Source material —
★ ★ ★ ★ ★ ★ ★

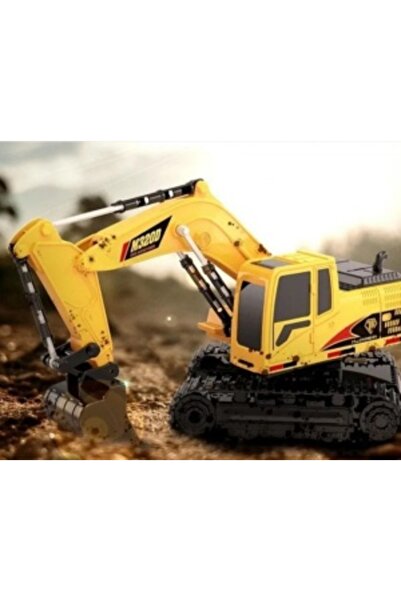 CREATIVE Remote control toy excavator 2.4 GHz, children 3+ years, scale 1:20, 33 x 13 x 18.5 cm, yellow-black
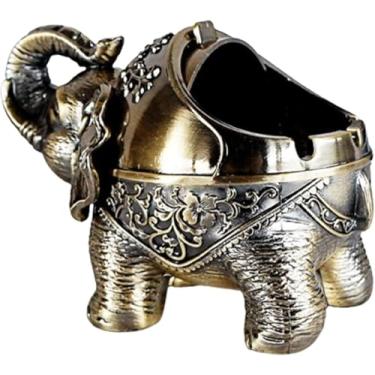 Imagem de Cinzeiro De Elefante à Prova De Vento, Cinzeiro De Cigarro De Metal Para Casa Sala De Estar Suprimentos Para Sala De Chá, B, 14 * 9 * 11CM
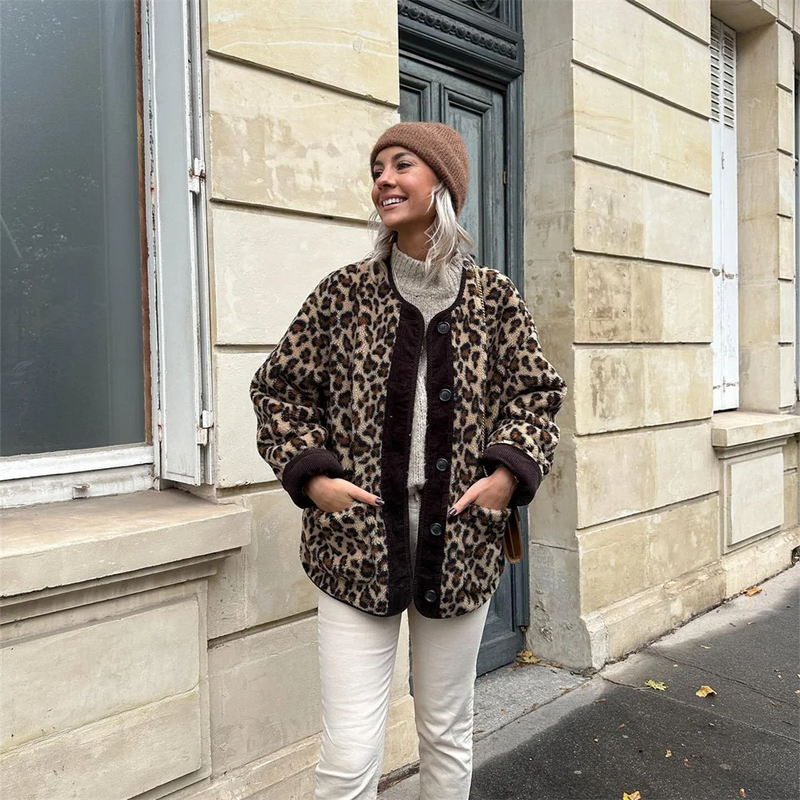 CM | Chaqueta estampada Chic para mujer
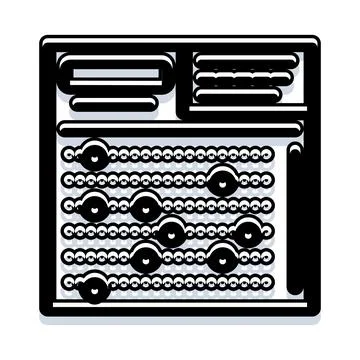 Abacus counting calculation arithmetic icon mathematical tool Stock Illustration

★ ★ ★ ★ ★ ★ ★

Action item —
When you copy the data above, reproduce each line exactly and skip every image.

Result below —
 CREATIVE Remote control toy excavator 2.4 GHz, children 3+ years, scale 1:20, 33 x 13 x 18.5 cm, yellow-black
 Imagem de Cinzeiro De Elefante à Prova De Vento, Cinzeiro De Cigarro De Metal Para Casa Sala De Estar Suprimentos Para Sala De Chá, B, 14 * 9 * 11CM
 CM | Chaqueta estampada Chic para mujer
 Abacus counting calculation arithmetic icon mathematical tool Stock Illustration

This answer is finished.